Bir başka ifadeyle Türkiye'de orta direk çökmüştür. Orta direğin
çöküşü ise, çeşitli olumsuzlukları beraberinde getirmektedir.
Emeklinin büyük bir bölümü açlık sınırında, memur işçi,
çiftçi ve esnaf zor durumdadır. Dar gelirlinin durumu her geçen gün kötüye
giderken, aç ve yoksul sayısı ise her geçen gün daha da artmakta ve
dolayısıyla da bunlara yapılan gıda, yakacak gibi
yardımlar da her yıl katlanarak karşılanmaya
çalışılmaktadır.
Yoksul
vatandaşlarımıza yardımcı olmak, maddi ve manevi destekte
bulunmak sosyal devlet olmanın vazgeçilmez gerekliliklerinden biridir.
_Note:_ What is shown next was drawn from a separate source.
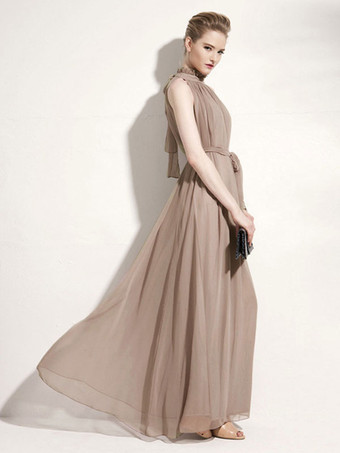 ホルター サンドレス ジュエル ネック レースアップ シフォン ビーチ プロム マキシ ドレス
Yoksul vatandaşlarımıza yapılan ayni ve nakdi
yardımların, insan onurunu zedelemeden, bir düzen ve statüye
bağlı olarak yapılması da ayrı bir öneme sahiptir.
Türkiye'de
yoksulluğun resmine bakılarak; ekonominin düzeltilmesi için ne
yapılması gerektiğine karar verilmesi, tarımdan kaçan nüfus
nedeniyle, kırsal kesimde insanlarımızın aç yaşamaya
mahkûm edilmelerinin önüne geçilmesi, özellikle teşvik sisteminin verimli
hale getirilerek üretim yapan, istihdamı artıran bir ülke hâline
gelmemiz gerekmektedir.
Ülkedeki
yoksul ve aç sayısının artması ve bunlara sağlanan
yardımların da yıllar itibarıyla artış göstermesi
siyasi iktidarların ya da başbakanların övünç kaynağı
olmamalı, aksine yoksulluk ve açlığın giderilmesi için
ekonomik politikaların hayata geçirilmesine önem verilmelidir.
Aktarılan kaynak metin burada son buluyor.